The enzymatic links and genetic loci in each of the hereditary porphyrias are shown in Table 1. Nearly all are inherited as autosomal dominant traits. The Chester porphyria family pedigree (Fig. 1) shows autosomal dominant inheritance of acute porphyria with attacks of neurovisceral dysfunction without cutaneous hypersensitivity. This was originally reported as a dual porphyria; however, identification of a heterozygous truncating mutation in the HMBS gene and no mutations in other heme biosynthesis enzymes in affected individuals has confirmed that Chester porphyria is a variant of classic AIP. HMBS is transcribed from two promoters to produce ubiquitous and erythroid specific isoforms. In classic AIP both isoforms are deficient; however, in the rare, nonerythroid variant, only the ubiquitous HMBS variant is defective. The rare CEP shows autosomal recessive inheritance. The mutations producing each of the acute porphyrias are heterogeneous at the molecular level and include complete or partial gene deletions, alterations of splicing or stability of mRNA, and missense mutations. In South Africa, the founder effect ensures a predominance of the Arg59Tryp mutation in proto porphyrinogen oxidase, although over 175 other mutations have been reported worldwide.Homozygotic or compound heterozygotic inheritance has been found in a number of the porphyrias, as has con current inheritance of more than one defect. This may present as two types of porphyria in one family or as two types in one patient. Dual porphyrias most commonly arise from a combined deficiency of uroporphyrinogen decarboxylase with PBGD, coproporphyrinogen oxidase, or protoporphyrinogen oxidase.
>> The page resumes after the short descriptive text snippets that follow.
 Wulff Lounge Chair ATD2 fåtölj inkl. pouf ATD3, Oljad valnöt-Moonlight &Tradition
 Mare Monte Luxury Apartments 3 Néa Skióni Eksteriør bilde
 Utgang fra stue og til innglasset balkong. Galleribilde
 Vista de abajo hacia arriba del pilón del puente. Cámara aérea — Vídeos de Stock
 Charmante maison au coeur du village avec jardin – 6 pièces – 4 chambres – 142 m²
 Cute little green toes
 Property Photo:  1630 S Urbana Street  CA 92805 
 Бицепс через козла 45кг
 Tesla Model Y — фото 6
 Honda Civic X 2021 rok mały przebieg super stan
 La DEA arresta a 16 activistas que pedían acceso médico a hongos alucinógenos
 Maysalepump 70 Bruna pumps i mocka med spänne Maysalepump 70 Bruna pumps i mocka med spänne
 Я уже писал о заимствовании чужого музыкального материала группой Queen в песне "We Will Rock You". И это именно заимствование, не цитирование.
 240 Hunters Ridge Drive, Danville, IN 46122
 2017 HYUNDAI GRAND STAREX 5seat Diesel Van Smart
Table1. Porphyrias: Clinical Involvement, Enzymatic Etiology, and Chromosomal Location

Fig1. THE CHESTER FAMILY PEDIGREE. The propositus, Peter Dobson, was a salmon fisherman from a close-knit community living on the bank of the River Dee, which runs through the city of Chester, UK. Most of the 330 descendants of his marriage in 1888 still live in the city. Many suffered disabling illnesses and psychiatric upsets, which often went unrecognized as porphyria. The family called their illness Dobson’s complaint. Chester porphyria has recently been confirmed as a variant of acute intermittent porphyria. Squares represent male subjects; circles represent females. Courtesy Giles R. Youngs.
The prevalence of the different forms varies widely. For example, in northern Europe and North America, approximately 1 of 10,000 individuals carries the gene for AIP, although only about 10% of the affected persons will present with clinical features. It has been suggested that spontaneous mutation accounts for 3% of AIP cases. Variegate porphyria occurs in 1 of 400 white South Africans. There is a reduction in gene frequency in variegate porphyria from generation to generation that suggests that the allele associated with it is selectively deleterious. The same is probably true of the other porphyrias.